The German opposition Social Democrats (SPD) have inflicted a heavy defeat on Chancellor Angela Merkel in a regional election in the port city of Hamburg.
The SPD won 48.3% of the vote in Sunday's election, giving them 62 seats in the 121-seat state assembly.
Mrs Merkel's Christian Democrats (CDU) plunged to 22%, so they will lose three seats in the upper house (Bundesrat).
Mrs Merkel blamed the blow on local issues, but she faces six more German state elections this year.
The centre-right CDU is in danger of losing power in the big southwestern state of Baden-Wuerttemberg in March.
"About 80 per cent of the issues that played a role in Hamburg were local Hamburg matters," Mrs Merkel said on Monday, but she admitted it was "a bitter defeat for the CDU".
The SPD's Olaf Scholz, a former labour minister, will become the new mayor of Hamburg, enjoying an absolute majority in the state assembly.
The CDU lost 22 percentage points in the election - one of its worst ever regional results.
The Greens triggered the election by quitting a coalition with the CDU in Hamburg in November. They took 11% of the vote.

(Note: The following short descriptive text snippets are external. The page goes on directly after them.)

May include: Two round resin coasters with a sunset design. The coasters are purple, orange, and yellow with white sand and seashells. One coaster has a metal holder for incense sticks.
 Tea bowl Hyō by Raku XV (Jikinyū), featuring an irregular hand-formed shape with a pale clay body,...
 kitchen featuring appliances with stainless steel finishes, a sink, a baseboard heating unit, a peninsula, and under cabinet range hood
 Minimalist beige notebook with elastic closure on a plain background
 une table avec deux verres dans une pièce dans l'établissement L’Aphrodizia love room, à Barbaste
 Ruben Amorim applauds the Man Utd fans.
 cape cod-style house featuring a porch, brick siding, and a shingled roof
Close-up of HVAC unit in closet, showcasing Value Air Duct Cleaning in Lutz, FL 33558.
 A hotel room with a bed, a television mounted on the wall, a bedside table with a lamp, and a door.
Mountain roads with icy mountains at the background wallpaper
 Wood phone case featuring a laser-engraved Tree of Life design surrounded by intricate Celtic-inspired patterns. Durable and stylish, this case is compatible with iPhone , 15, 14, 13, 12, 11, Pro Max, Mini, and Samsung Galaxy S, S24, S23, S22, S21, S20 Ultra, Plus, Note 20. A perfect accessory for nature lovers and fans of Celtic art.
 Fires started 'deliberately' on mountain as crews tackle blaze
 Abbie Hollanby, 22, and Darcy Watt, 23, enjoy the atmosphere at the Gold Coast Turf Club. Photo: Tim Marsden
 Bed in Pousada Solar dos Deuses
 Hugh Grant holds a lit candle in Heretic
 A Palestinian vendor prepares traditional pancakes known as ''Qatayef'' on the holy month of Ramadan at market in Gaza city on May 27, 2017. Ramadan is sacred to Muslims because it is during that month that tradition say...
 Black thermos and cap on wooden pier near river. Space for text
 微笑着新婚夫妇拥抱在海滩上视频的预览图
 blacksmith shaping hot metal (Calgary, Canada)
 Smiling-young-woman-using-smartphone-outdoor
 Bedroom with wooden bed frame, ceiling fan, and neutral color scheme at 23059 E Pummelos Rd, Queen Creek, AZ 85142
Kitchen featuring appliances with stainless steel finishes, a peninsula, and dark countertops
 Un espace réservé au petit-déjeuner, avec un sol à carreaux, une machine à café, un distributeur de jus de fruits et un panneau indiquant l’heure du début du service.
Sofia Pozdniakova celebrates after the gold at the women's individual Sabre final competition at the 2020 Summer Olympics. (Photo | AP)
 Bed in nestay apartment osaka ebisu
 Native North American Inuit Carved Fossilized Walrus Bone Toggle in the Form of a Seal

BBC Berlin correspondent Stephen Evans says the slump in CDU fortunes indicates a rough road to the federal elections in 2013 - and it might also make it harder for Mrs Merkel to keep her ruling coalition together before then.
He says there are local factors behind the result, but the CDU may also be suffering a backlash from the recession. The economy is now growing fast, but only after a steep decline.